L’Institut du Christ Roi vient d’obtenir un lieu d’apostolat dans l’immense Afrique. Je vous laisse deviner l’endroit : au Gabon, à Libreville, tout près de notre Mission Saint Pie X.
Mais si Monseigneur a permis la survie de la Tradition, c’est à chacun d’entre nous à travailler à son extension dans l’espace, à sa pérennité dans le temps et surtout à sa restauration dans l’Eglise. Pour cela, il faut des prêtres, de nombreux prêtres, qui offrent aux quatre coins du globe le sacrifice de la croix renouvelé sur nos autels, afin que le sang rédempteur de la Passion sanctifie jour après jour les âmes chrétiennes. Un jeune homme fidèle à sa vocation, ce sont des milliers d’âmes baptisées, rassasiées de l’Eucharistie, purifiées de leurs péchés, éclairées des vérités de la foi et soutenues sur le chemin qui mène au ciel. Ce sont des centaines, des milliers d’âmes arrachées à l’enfer. Par le seul fait qu’il dise la messe, le prêtre contribue au salut des âmes, même si bien sûr son zèle apostolique doit l’engager à agir sur les âmes elles-mêmes. Dom Marmion écrivait :
« Un prêtre ne ferait-il qu’offrir chaque matin le Saint- Sacrifice – ne l’aurait-il offert qu’une seule fois dans sa vie – il aurait fait quelque chose d’infiniment plus grand que toutes les grandes actions qui passionnent les hommes ».

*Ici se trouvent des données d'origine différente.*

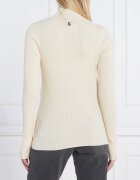 Twinset Actitude Maletă LUPETTO | Slim Fit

Mgr Lefebvre écrivait lui-même en 1966 :
« Car quoiqu’il en soit du succès ou de l’insuccès de son apostolat, il sait que par le Saint Sacrifice Eucharistique il accomplit l’acte essentiel de son sacerdoce par lequel il offre tous ceux auxquels il est envoyé, par lequel les bénédictions de Dieu descendent sur le monde et sur ceux qui l’entourent en particulier ».
Le monde a besoin de prêtres, comme une moisson arrivée à maturité a besoin des moissonneurs : il faut prier sans relâche le Maître de la moisson d’y envoyer des ouvriers.